WHAT YOU HAVE TO DO: Everything in the records below from the line containing "Hotel Émbruse - Logo Design" through the line containing "Mitsubishi Lancer (80-83)" is to be reproduced exactly, those two lines included; no picture is to be copied.

DATA SHOWN:
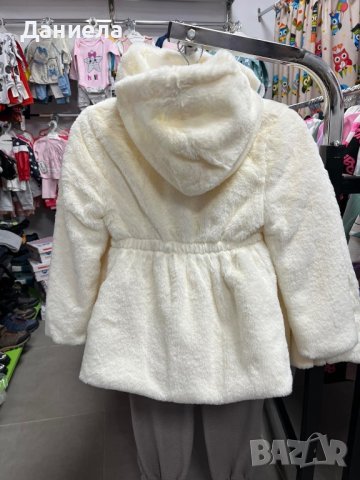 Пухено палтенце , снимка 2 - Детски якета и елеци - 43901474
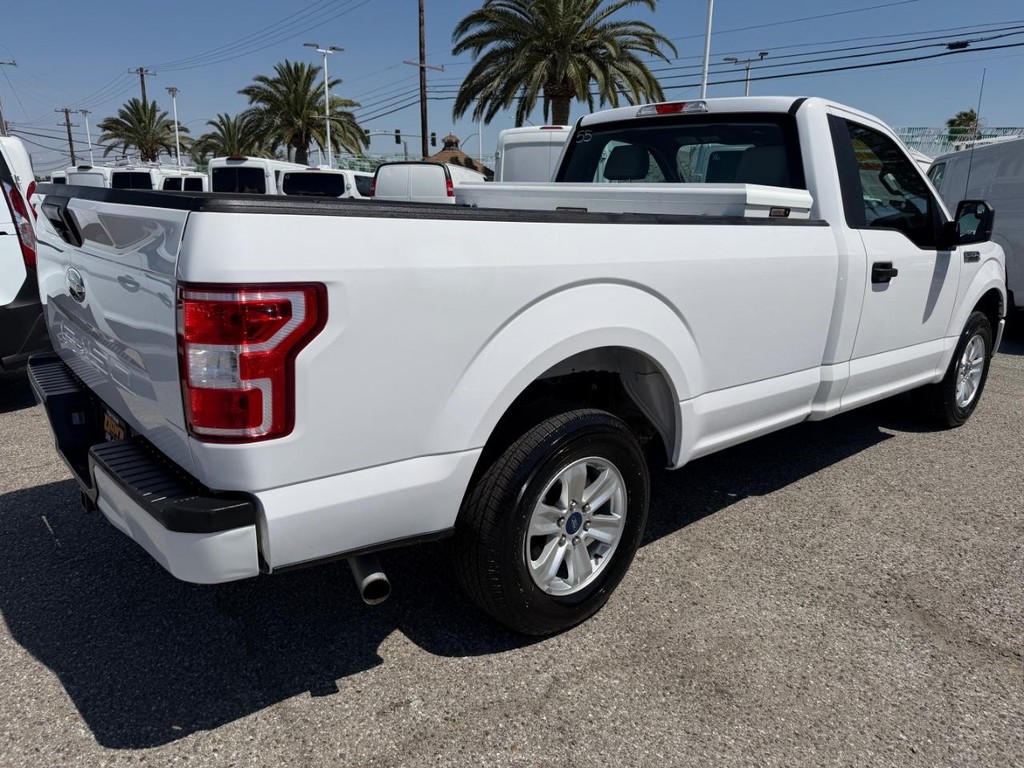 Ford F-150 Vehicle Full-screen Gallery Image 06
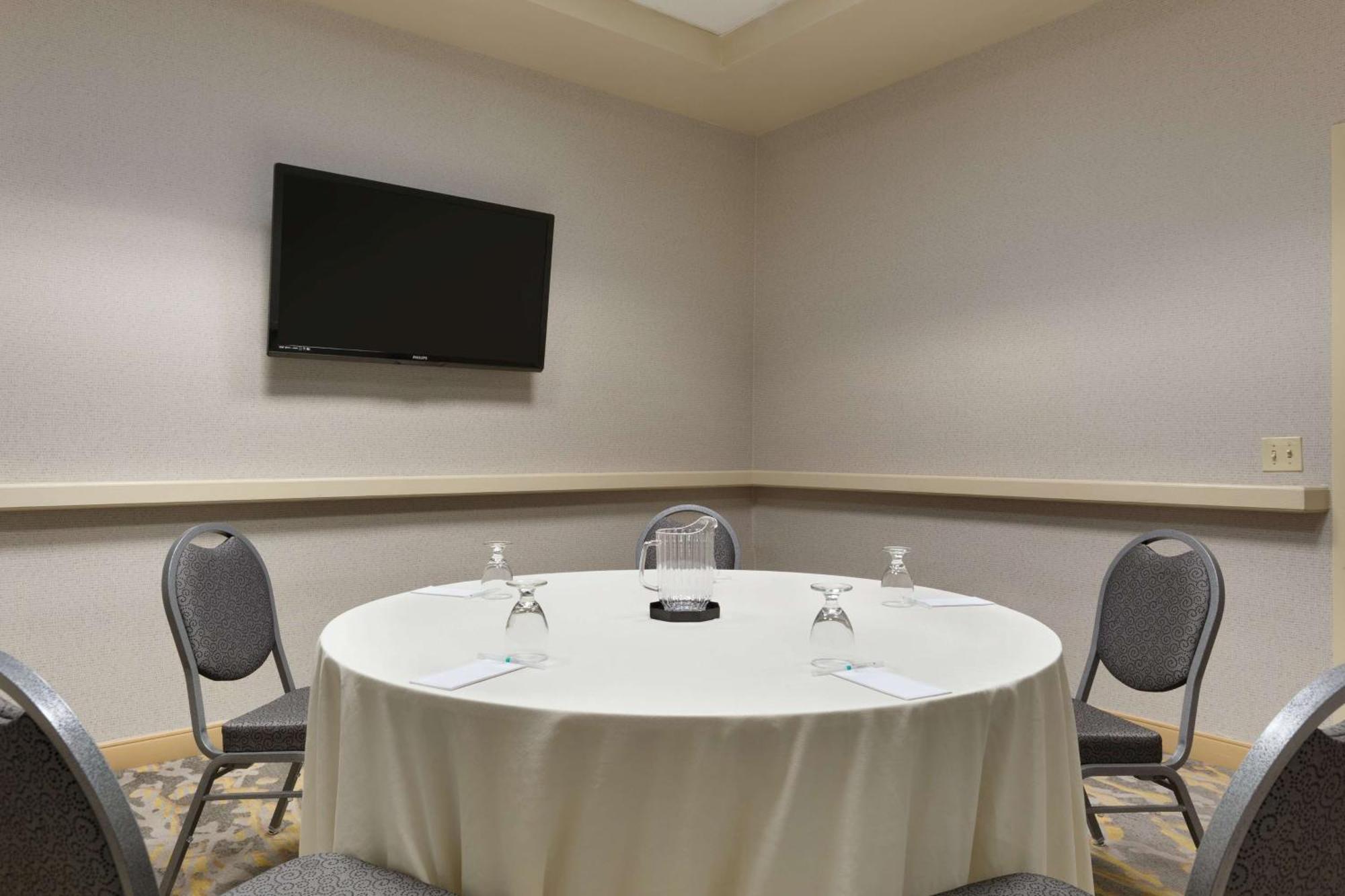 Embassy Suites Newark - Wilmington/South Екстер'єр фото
--
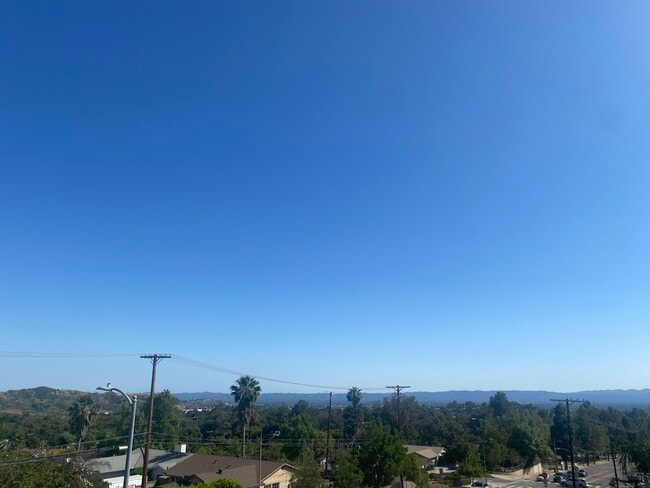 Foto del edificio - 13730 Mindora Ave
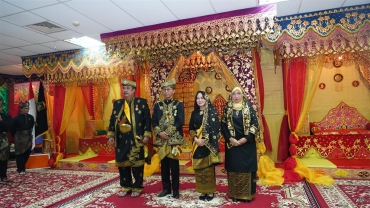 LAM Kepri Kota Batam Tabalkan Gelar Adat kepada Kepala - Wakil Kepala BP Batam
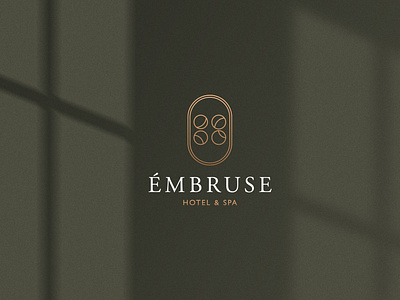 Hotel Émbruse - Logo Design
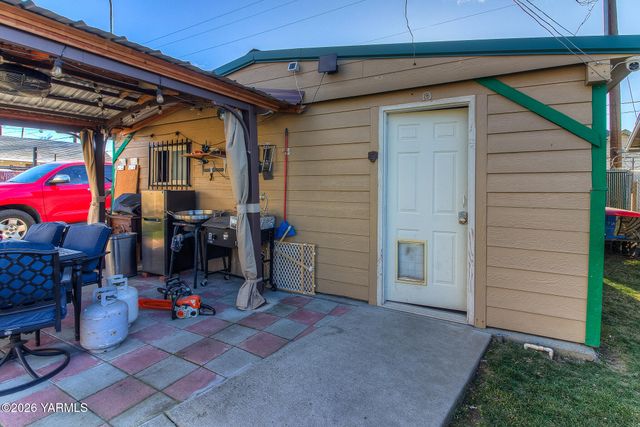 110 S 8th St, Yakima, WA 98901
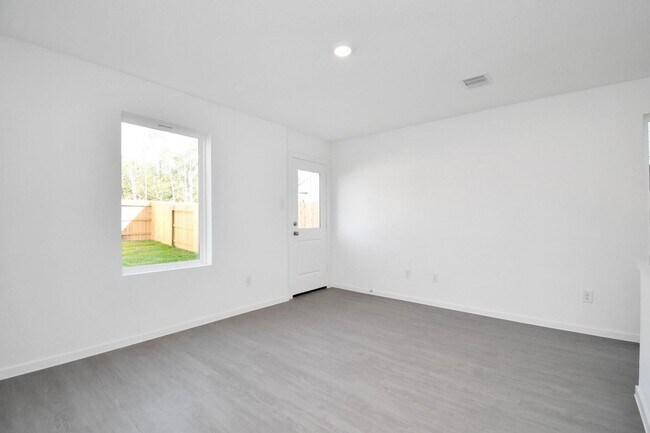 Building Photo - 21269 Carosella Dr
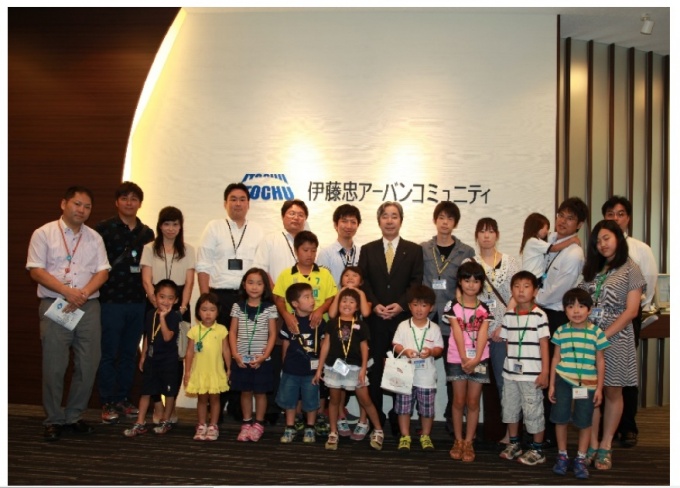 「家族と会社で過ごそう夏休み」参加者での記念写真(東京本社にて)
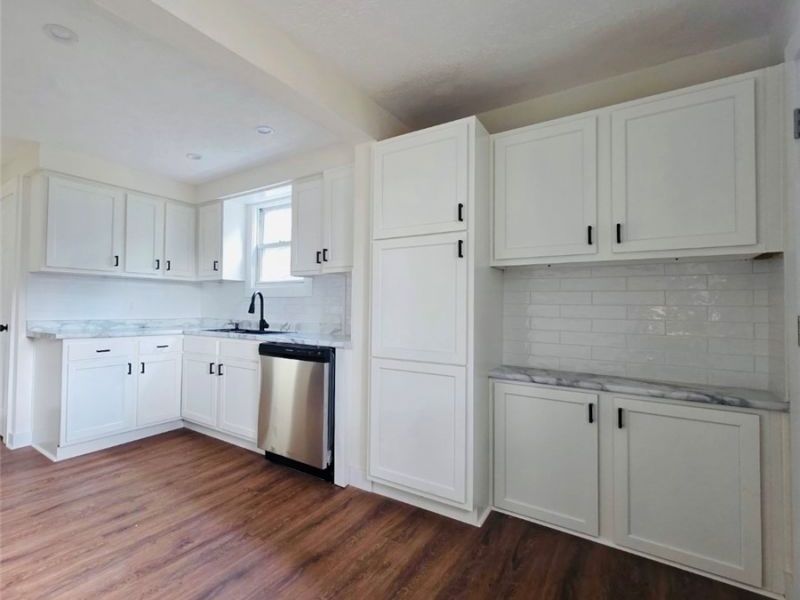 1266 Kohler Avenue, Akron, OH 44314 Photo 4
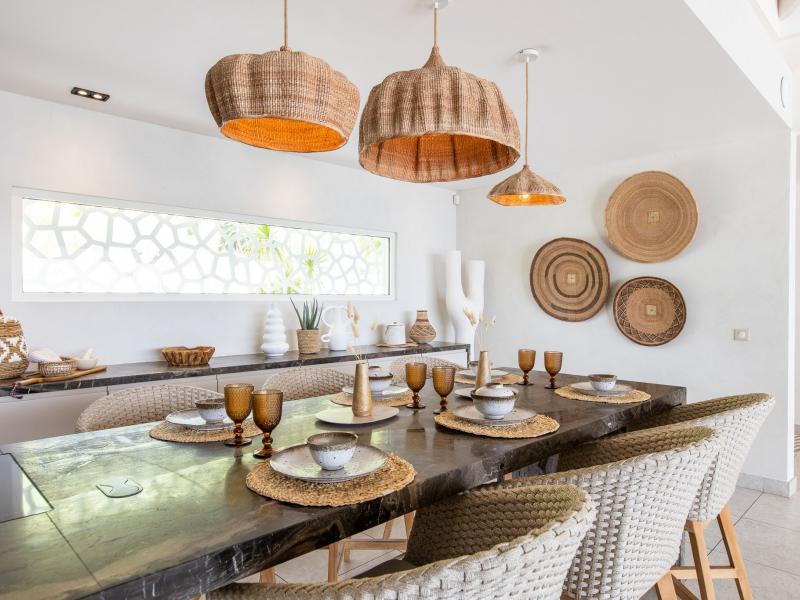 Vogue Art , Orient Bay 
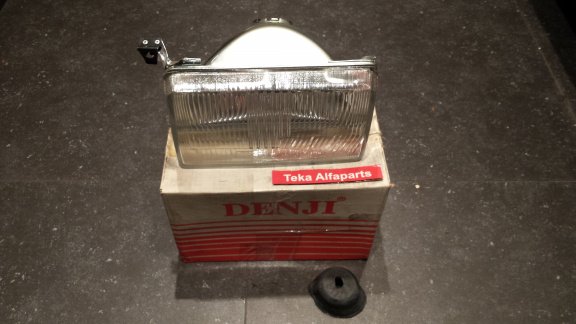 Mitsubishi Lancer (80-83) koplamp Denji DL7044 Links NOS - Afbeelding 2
--
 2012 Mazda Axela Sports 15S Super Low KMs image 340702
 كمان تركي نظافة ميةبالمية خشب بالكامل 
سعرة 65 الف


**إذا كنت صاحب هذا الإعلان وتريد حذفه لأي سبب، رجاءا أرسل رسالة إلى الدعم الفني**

REPLY TO THE EXERCISE:
 Hotel Émbruse - Logo Design
 110 S 8th St, Yakima, WA 98901
 Building Photo - 21269 Carosella Dr
 「家族と会社で過ごそう夏休み」参加者での記念写真(東京本社にて)
 1266 Kohler Avenue, Akron, OH 44314 Photo 4
 Vogue Art , Orient Bay 
 Mitsubishi Lancer (80-83) koplamp Denji DL7044 Links NOS - Afbeelding 2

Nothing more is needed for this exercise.